Segment Start: Entries provided

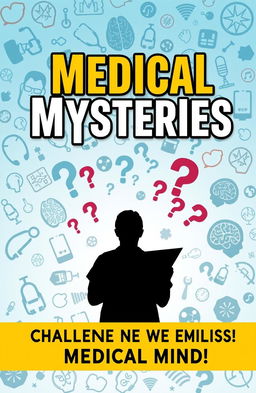 A vibrant and engaging medical puzzle book cover design, featuring a collage of medical symbols like stethoscopes, anatomical diagrams, and brain scans, with the title "Medical Mysteries: Challenge Your Medical Mind!" in bold, modern typography
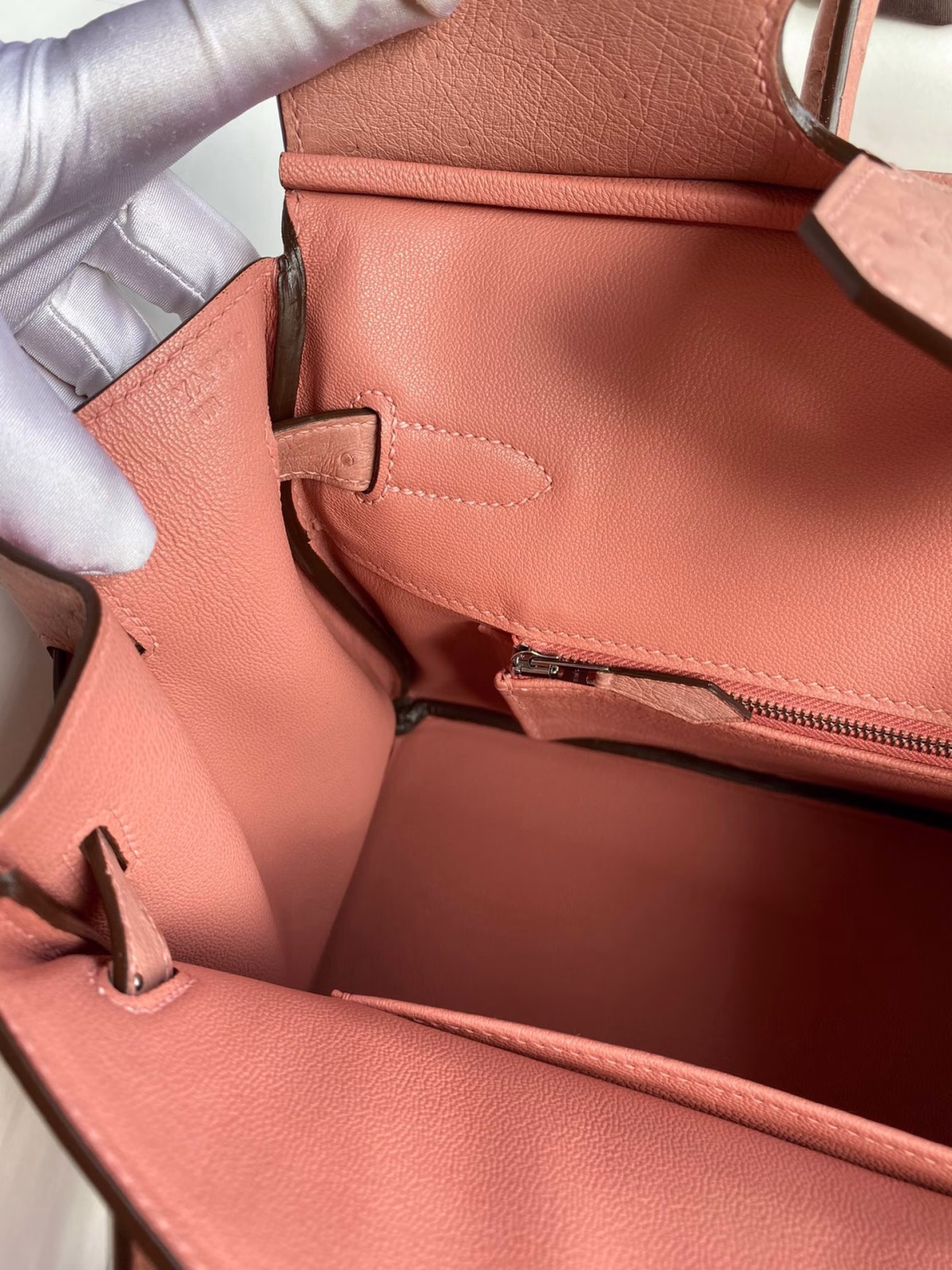 Hermes Birkin 30 Retourne Handmade Bag In Terre Cuite Ostrich Leather - Image 4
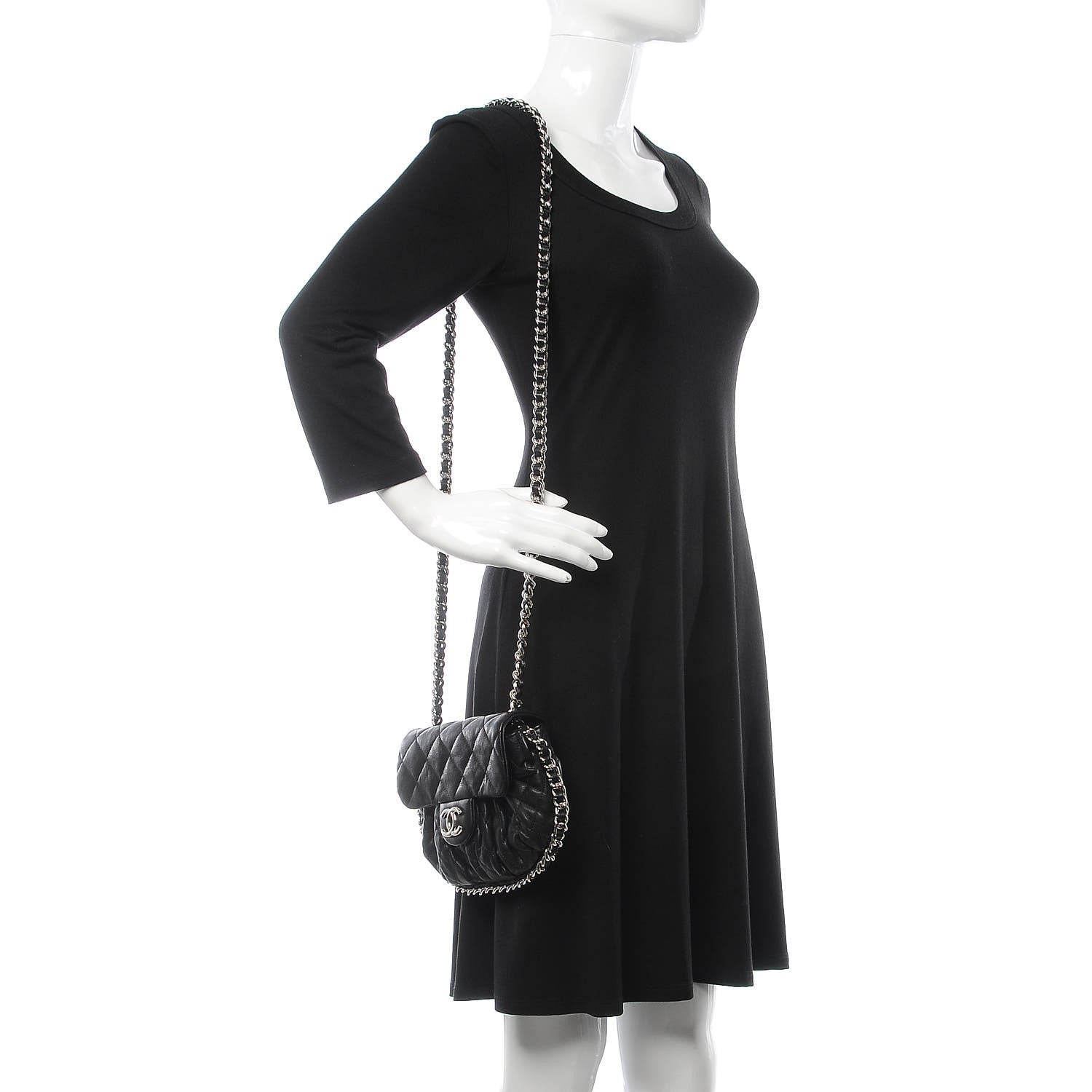 Chanel Washed Lambskin Quilted Mini Chain Around Flap Black 2 of 10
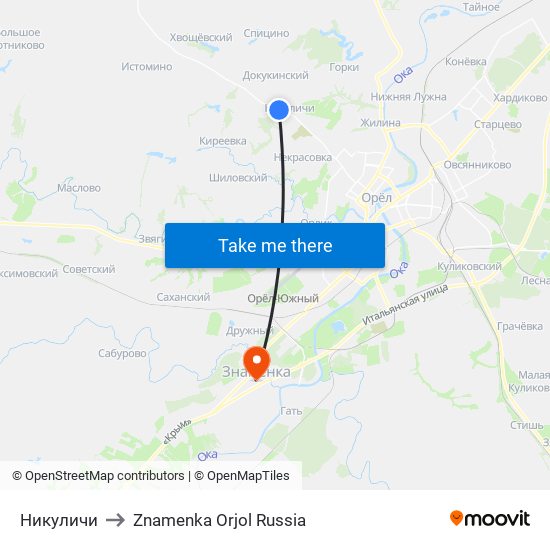 Никуличи to Znamenka Orjol Russia map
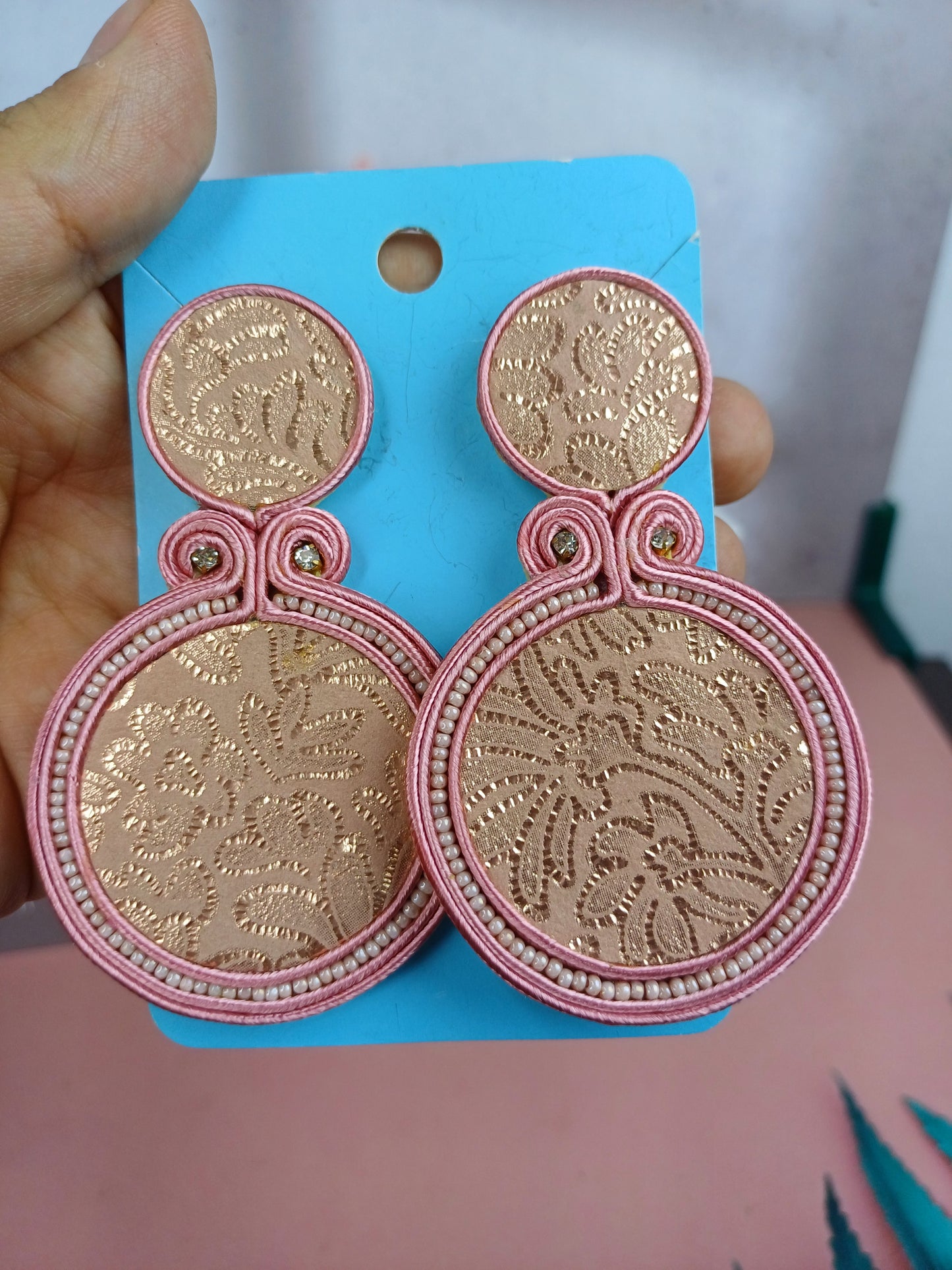 Maxi Arete Doble en Cuero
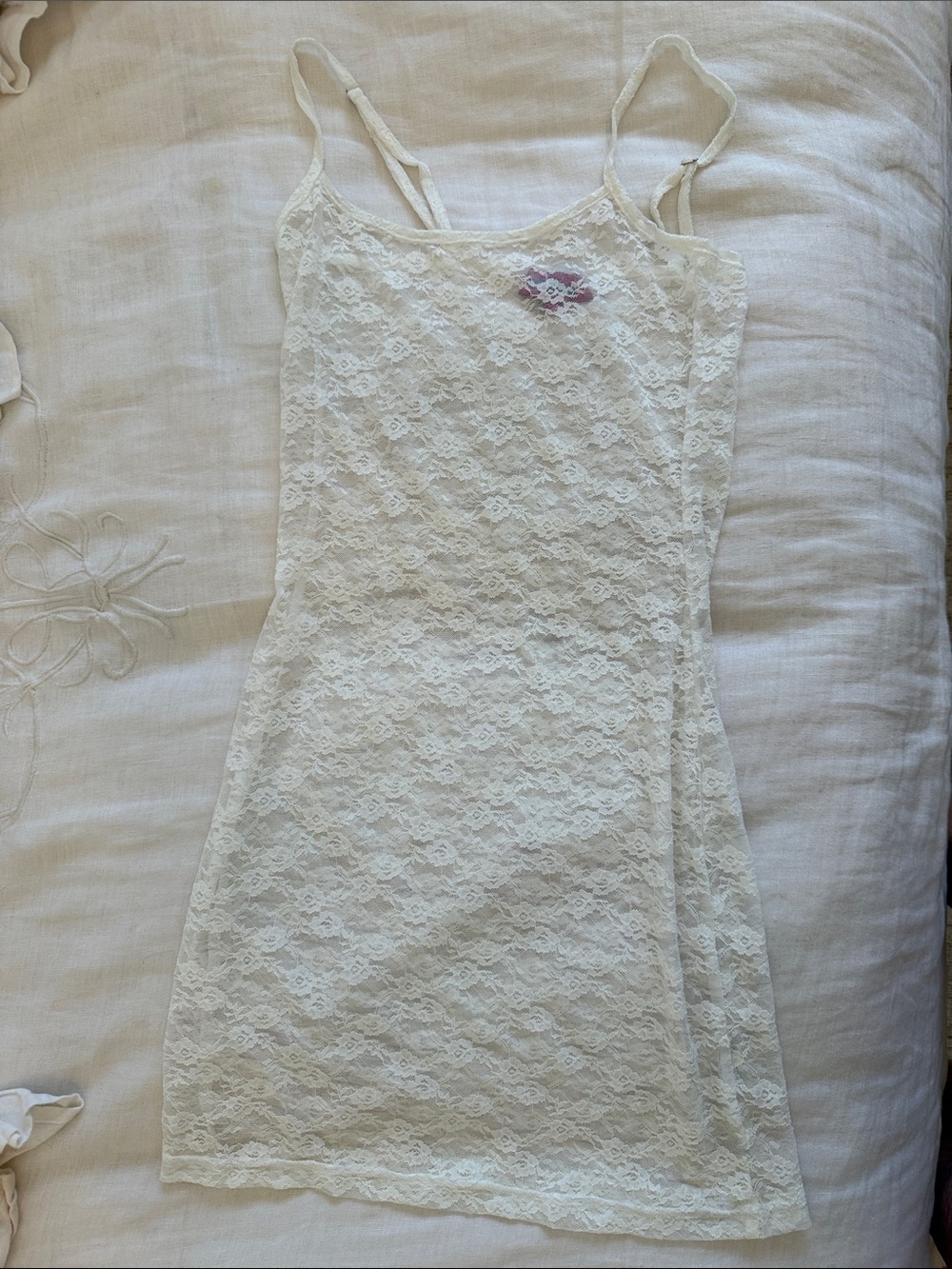 Edikted Ivory Lace Slip Dress Nighty with Spaghetti Straps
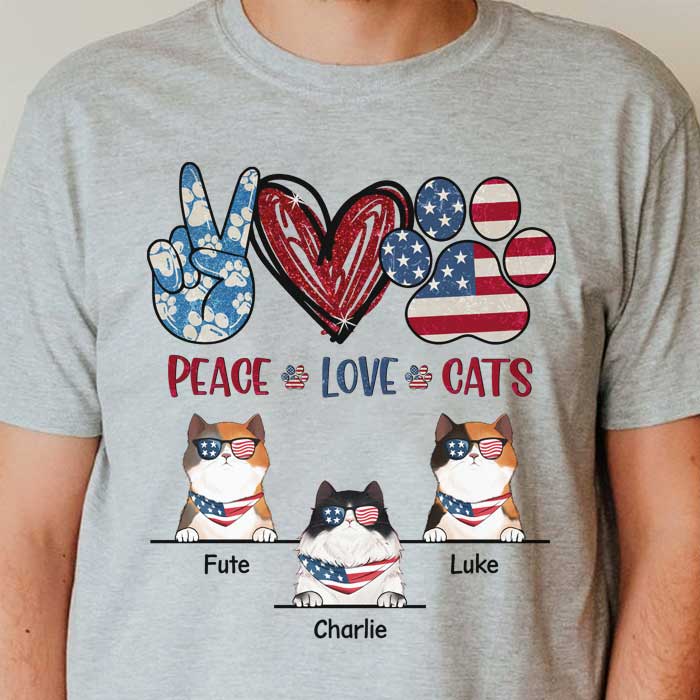 Custom Name Patriotic Cat Gifts for Cat Lovers - Personalized Apparel
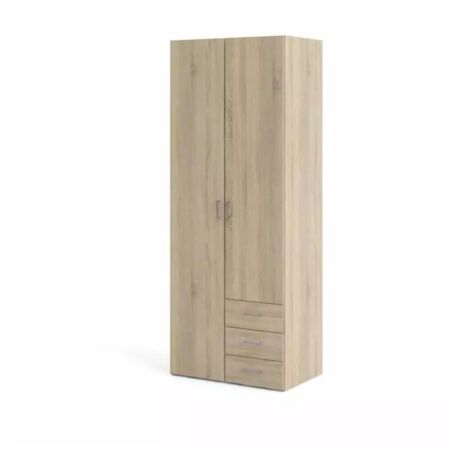 armadio 2 ante battenti "space" con 3 cassetti effetto quercia 77,60x49,20x200 cm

Segment End: Entries provided

Task details: Copy out all the data without changing anything, and drop the pictures.

Solution:
 A vibrant and engaging medical puzzle book cover design, featuring a collage of medical symbols like stethoscopes, anatomical diagrams, and brain scans, with the title "Medical Mysteries: Challenge Your Medical Mind!" in bold, modern typography
 Hermes Birkin 30 Retourne Handmade Bag In Terre Cuite Ostrich Leather - Image 4
 Chanel Washed Lambskin Quilted Mini Chain Around Flap Black 2 of 10
 Никуличи to Znamenka Orjol Russia map
 Maxi Arete Doble en Cuero
 Edikted Ivory Lace Slip Dress Nighty with Spaghetti Straps
 Custom Name Patriotic Cat Gifts for Cat Lovers - Personalized Apparel
 armadio 2 ante battenti "space" con 3 cassetti effetto quercia 77,60x49,20x200 cm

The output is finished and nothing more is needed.